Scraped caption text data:
<<<<

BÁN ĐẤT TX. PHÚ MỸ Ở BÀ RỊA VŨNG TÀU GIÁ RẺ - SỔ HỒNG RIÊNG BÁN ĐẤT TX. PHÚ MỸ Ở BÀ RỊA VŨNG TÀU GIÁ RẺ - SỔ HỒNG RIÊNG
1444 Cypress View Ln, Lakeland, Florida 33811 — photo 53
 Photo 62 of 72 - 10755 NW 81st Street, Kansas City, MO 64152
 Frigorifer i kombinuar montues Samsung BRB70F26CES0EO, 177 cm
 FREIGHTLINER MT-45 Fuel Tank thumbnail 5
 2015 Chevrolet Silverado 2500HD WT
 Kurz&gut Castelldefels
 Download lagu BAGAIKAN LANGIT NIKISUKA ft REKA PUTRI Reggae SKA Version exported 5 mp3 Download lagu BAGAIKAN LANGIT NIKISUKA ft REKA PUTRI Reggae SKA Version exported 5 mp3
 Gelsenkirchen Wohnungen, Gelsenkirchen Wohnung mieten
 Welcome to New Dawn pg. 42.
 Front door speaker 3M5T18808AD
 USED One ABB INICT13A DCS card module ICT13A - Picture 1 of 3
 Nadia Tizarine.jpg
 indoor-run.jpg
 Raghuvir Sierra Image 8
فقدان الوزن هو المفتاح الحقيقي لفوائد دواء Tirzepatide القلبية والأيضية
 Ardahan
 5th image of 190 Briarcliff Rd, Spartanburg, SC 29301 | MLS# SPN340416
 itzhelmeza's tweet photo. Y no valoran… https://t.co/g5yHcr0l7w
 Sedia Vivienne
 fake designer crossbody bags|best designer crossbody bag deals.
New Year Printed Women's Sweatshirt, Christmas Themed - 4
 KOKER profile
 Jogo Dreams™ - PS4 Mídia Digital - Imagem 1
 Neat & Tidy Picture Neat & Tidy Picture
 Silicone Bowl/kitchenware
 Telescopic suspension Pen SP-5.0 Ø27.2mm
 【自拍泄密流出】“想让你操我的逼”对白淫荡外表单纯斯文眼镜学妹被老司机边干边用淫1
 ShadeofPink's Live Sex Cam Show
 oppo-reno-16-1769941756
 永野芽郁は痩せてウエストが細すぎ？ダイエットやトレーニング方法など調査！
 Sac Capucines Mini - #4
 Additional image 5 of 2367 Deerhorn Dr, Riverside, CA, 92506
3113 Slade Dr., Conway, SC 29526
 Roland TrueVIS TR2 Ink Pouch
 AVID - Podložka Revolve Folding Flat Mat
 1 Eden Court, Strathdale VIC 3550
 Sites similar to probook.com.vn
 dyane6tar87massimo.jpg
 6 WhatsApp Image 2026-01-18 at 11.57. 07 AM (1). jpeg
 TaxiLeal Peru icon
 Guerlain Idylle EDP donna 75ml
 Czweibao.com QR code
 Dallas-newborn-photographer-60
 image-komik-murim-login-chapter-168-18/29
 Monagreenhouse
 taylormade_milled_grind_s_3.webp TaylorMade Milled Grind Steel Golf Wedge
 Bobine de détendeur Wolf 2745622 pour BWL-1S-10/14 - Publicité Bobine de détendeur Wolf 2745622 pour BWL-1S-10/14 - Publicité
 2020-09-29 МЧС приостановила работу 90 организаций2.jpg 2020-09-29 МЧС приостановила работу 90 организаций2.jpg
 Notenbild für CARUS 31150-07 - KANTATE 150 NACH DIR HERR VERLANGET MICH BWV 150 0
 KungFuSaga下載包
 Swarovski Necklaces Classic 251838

>>>>

What you should do: Working from the entries above, filter out every line that lacks "Picture" and copy what remains.

Solution to this task:
 USED One ABB INICT13A DCS card module ICT13A - Picture 1 of 3
 Neat & Tidy Picture Neat & Tidy Picture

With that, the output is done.